There are problems that plague us as conflict professionals.  Some of these problems are shared by many and are often recognized as a “worst nightmare”. Some are unique to each of us as we battle our private demons. As teachers we’ve noticed that participants in our programs—new and experienced—have questions that start, “How do you handle it when…”or “What should I do if…”.

When mediators, lawyers and other conflict resolution professionals feel out of control or are triggered for any reason, it can be very tempting to try to take over the process in order to stop feeling uncomfortable. When our nightmare appears in the room, it sometimes feels  chaotic and even downright scary. This is often a good time to remember the basics.

One of our underlying concepts is Let the Parties Own the Conflict – whatever the conflict is, whatever the dynamic, it is theirs and they are responsible for it. That is not to say that there is nothing  we can or maybe even should do. It is just to remember in these moments, we are there to help to the extent the parties want and are willing to let us.  I find it helps in these moments for me to take a breath (or 3) and remember that it is their conflict, not mine.  If I allow myself to get pulled into their conflict by taking responsibility for it, then I may actually lose the opportunity to be helpful.

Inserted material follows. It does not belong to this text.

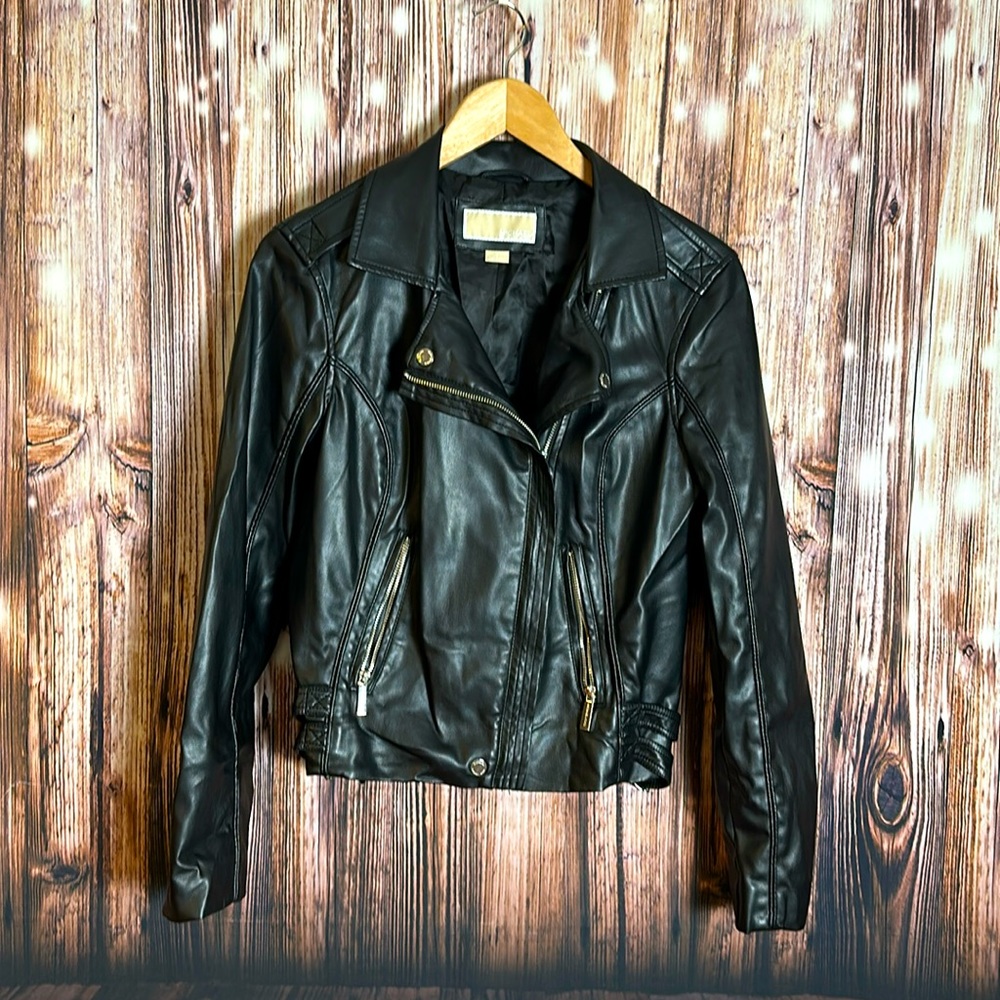Michael Kors Faux Leather Motorcycle Jacket sz M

I may even relinquish the privilege they have imbued me with to help them change their dynamic.  So I take a breath and notice what’s going on for them and for me.

After taking the time to ground myself, this is often a time when I will “loop the dynamic” by  reflecting back to the parties what I see going on in the room.  Sometimes this statement is about what each of them is saying, but much more often it is about how each is feeling and what happens between them.  It is also a time to turn the conversation from the “what” to the “how.”

I recently had a couple in mediation who worked well together most of the time but both were hyper-sensitive to perceived criticism from the other.  Time after time, they’d dive down the rabbit hole into a defensive and repetitive argument with lightning speed.  I felt powerless to help them and I didn’t know what to do.  They came in for a session and, after I greeted them, I told them I’d been thinking about what happens between them.  Then I described how I saw them both as so sensitive to criticism from the other and where I saw that came up.  I asked them if that felt familiar to them and they both agreed.  There was actually a look of relief on their faces when I named what was happening in the room.  Then I asked them if they would like it to be different.  It might have seemed obvious that they did but I wanted the explicit agreement in the room, “yes, I want it to be different” from each and both of them. They agreed.  I asked them if they would like me to stop them when it happened again and see if we could find a different dynamic.  “Yes I would” they each said.  When we then went back to the “what” conversation and it happened again,  I intervened as we had agreed and reflected back what had just happened in the room. Something was different this time. This time they stopped and breathed and noticed…and moved forward in a different place.